Construct file paths using the weather directory path, file name prefix/suffix and weather variable names. The logic of this method is the same as of "Path.glob" method, with two adjustments, added to make its use more convenient for working with weather files: - if prefix/suffix are not specified, defaults are used (see method arguments). - if suffix doesn't end with ".bin" or "*", "*.bin" is added (since, otherwise, no matches can be found).

Parameters:

Name Type Description Default
dir_path Union[str, Path]

(Optional) Directory path containing weather files.

None
prefix str

(Optional) Weather file name prefix, usually a fixed string like "dtk_15arcmin".

'dtk_15arcmin_'
suffix str

(Optional) Weather file name suffix, usually containing a weather variable name parameter like "*{tag}*.bin").

'{}_daily.bin'
weather_names Dict[WeatherVariable, str]

(Optional) Dictionary of weather variables (keys) and custom weather variable names (values).

None
weather_variables List[WeatherVariable]

(Optional) Weather variables to be used in case custom weather names are not specified. In this case lowercase weather variable names are used, for example: AIR_TEMPERATURE -> air_temperature.

None

Returns:

Type Description
Dict[WeatherVariable, str]

Dictionary of weather variables (keys) and weather file paths. For example, air temperature could be represented as: WeatherVariable.AIR_TEMPERATURE: "dtk_15arcmin_air_temperature_daily.bin"
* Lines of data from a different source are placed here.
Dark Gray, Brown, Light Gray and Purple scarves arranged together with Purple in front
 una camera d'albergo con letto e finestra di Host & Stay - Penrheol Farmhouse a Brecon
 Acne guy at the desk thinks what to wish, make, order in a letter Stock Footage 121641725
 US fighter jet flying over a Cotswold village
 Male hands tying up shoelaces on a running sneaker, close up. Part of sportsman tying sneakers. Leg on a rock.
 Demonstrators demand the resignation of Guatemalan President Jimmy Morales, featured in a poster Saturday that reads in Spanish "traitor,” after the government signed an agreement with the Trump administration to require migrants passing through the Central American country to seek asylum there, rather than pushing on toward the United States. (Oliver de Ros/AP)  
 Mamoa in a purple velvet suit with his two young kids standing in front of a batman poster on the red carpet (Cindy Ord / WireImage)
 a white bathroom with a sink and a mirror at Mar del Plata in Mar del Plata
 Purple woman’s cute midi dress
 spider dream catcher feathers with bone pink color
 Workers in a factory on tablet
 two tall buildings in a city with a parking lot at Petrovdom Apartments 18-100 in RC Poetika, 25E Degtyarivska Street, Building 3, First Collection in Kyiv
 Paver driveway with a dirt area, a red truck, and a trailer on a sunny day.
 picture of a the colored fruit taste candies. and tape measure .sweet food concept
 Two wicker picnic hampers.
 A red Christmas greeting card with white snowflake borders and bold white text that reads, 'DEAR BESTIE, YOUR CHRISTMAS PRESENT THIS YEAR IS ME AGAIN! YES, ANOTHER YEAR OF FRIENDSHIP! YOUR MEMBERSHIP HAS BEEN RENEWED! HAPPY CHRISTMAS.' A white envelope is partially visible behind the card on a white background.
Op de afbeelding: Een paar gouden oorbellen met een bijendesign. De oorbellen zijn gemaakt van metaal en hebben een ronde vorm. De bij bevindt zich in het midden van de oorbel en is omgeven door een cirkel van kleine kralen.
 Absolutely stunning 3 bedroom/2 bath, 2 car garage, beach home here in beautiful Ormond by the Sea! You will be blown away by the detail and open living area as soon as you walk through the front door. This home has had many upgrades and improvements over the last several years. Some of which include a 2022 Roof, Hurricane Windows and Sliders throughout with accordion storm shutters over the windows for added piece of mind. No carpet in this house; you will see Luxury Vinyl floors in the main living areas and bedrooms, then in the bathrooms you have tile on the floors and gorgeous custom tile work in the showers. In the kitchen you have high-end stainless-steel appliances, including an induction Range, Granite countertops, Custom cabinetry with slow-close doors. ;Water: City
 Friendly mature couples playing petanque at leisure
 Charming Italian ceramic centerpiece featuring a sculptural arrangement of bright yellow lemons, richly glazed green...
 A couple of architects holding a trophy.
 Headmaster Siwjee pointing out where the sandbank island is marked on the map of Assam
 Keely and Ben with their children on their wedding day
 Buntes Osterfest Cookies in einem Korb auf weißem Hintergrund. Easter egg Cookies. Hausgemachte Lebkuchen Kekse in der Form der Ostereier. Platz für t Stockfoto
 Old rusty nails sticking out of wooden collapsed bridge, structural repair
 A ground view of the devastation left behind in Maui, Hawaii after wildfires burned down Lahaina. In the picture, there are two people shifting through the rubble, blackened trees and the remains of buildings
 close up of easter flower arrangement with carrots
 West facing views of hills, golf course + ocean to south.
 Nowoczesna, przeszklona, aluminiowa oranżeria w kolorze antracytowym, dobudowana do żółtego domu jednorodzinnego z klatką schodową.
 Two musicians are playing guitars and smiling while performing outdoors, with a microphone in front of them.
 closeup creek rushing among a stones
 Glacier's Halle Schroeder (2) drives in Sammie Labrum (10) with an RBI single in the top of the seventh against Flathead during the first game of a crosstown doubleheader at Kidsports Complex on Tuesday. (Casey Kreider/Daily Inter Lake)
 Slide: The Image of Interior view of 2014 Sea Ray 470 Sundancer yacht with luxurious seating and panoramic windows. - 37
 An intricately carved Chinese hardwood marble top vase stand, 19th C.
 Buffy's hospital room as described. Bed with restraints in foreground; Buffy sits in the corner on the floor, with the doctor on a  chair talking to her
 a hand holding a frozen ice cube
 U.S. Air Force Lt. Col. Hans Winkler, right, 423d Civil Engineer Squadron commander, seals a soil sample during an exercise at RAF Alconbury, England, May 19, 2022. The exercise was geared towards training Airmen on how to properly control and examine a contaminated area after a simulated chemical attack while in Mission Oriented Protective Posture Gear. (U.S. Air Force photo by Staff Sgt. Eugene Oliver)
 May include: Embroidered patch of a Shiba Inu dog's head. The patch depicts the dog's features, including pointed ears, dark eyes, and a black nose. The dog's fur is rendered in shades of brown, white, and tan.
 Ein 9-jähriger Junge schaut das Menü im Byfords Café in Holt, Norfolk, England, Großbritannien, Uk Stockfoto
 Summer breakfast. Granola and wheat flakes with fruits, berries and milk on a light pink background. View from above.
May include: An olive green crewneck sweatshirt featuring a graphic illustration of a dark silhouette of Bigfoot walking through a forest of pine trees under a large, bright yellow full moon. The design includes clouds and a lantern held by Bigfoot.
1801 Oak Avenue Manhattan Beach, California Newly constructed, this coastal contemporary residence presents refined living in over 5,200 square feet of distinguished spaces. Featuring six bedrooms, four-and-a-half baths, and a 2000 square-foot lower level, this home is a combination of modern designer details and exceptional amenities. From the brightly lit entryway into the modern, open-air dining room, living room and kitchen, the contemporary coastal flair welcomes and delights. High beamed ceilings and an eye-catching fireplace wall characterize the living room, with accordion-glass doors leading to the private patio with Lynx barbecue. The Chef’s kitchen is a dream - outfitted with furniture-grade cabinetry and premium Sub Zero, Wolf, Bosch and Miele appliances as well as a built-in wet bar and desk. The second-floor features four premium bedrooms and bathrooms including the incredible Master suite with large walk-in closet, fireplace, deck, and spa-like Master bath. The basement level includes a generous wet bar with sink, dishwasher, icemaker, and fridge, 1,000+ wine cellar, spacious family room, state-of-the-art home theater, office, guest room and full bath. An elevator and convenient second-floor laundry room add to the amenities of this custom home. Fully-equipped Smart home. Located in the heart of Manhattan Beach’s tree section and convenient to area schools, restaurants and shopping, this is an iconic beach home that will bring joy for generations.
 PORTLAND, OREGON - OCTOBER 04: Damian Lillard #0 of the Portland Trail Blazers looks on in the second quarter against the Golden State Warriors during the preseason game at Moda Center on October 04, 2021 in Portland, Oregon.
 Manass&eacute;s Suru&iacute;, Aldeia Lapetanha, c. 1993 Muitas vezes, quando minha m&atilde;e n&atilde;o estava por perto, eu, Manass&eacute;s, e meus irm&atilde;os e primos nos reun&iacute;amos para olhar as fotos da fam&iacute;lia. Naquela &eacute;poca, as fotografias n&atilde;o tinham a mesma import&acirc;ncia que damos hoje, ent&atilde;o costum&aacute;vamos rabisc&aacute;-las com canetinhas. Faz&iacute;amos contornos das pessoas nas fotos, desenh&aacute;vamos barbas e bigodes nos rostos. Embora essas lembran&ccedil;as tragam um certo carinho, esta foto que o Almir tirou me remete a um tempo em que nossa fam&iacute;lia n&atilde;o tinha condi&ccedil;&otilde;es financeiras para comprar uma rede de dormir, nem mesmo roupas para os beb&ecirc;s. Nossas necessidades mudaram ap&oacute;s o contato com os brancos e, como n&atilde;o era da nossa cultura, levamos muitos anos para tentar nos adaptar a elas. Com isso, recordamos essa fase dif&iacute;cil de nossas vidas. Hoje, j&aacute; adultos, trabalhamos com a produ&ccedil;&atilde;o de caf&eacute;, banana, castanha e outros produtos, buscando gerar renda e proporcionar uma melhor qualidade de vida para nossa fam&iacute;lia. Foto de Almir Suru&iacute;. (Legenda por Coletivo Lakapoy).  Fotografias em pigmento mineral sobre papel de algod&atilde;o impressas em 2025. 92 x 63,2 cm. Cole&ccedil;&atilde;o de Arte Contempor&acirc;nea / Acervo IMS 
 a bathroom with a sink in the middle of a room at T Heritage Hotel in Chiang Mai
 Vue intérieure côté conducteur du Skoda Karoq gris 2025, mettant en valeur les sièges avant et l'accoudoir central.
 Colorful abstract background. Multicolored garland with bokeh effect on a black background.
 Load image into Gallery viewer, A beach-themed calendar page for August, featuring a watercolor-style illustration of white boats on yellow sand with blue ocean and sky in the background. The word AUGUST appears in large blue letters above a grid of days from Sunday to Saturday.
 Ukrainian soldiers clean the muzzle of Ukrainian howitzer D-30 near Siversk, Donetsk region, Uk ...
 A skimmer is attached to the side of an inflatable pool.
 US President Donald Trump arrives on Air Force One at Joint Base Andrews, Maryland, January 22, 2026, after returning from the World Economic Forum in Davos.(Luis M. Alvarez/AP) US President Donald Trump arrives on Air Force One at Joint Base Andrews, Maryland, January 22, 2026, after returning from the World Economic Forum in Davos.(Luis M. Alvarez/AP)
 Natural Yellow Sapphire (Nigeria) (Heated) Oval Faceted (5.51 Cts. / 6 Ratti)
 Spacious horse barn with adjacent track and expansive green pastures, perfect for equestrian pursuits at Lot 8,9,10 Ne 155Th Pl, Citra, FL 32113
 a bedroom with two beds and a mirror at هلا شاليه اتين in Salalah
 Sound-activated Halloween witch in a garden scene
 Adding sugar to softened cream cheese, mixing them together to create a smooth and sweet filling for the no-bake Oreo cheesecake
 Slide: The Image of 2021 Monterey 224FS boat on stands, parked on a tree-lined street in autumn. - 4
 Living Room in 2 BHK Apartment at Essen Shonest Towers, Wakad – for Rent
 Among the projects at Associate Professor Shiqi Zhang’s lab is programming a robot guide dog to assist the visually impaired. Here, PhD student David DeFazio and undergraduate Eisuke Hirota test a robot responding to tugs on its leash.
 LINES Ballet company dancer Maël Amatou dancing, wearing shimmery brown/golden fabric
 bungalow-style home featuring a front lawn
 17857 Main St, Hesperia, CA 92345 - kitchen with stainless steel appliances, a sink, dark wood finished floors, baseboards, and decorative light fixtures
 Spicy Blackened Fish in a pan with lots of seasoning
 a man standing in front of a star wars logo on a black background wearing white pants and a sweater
Source code in emodpy_malaria/weather/weather_set.py
@classmethod
def make_file_paths(cls,
                    dir_path: Union[str, Path] = None,
                    prefix: str = "dtk_15arcmin_",
                    suffix: str = "{}_daily.bin",
                    weather_variables: List[WeatherVariable] = None,
                    weather_names: Dict[WeatherVariable, str] = None) -> Dict[WeatherVariable, str]:
    """
    Construct file paths using the weather directory path, file name prefix/suffix and weather variable names.
    The logic of this method is the same as of "Path.glob" method, with two adjustments, added to make its use more
    convenient for working with weather files:
    - if prefix/suffix are not specified, defaults are used (see method arguments).
    - if suffix doesn't end with ".bin" or "\\*", "\\*.bin" is added (since, otherwise, no matches can be found).

    Args:
        dir_path: (Optional) Directory path containing weather files.
        prefix: (Optional) Weather file name prefix, usually a fixed string like "dtk_15arcmin".
        suffix: (Optional) Weather file name suffix, usually containing a weather variable name parameter like "\\*{tag}\\*.bin").
        weather_names: (Optional) Dictionary of weather variables (keys) and custom weather variable names (values).
        weather_variables: (Optional) Weather variables to be used in case custom weather names are not specified.
            In this case lowercase weather variable names are used, for example: AIR_TEMPERATURE -> air_temperature.

    Returns:
        Dictionary of weather variables (keys) and weather file paths.
            For example, air temperature could be represented as:
            WeatherVariable.AIR_TEMPERATURE: "dtk_15arcmin_air_temperature_daily.bin"
    """
    names = cls._make_file_templates(prefix=prefix,
                                     suffix=suffix,
                                     weather_names=weather_names,
                                     weather_variables=weather_variables)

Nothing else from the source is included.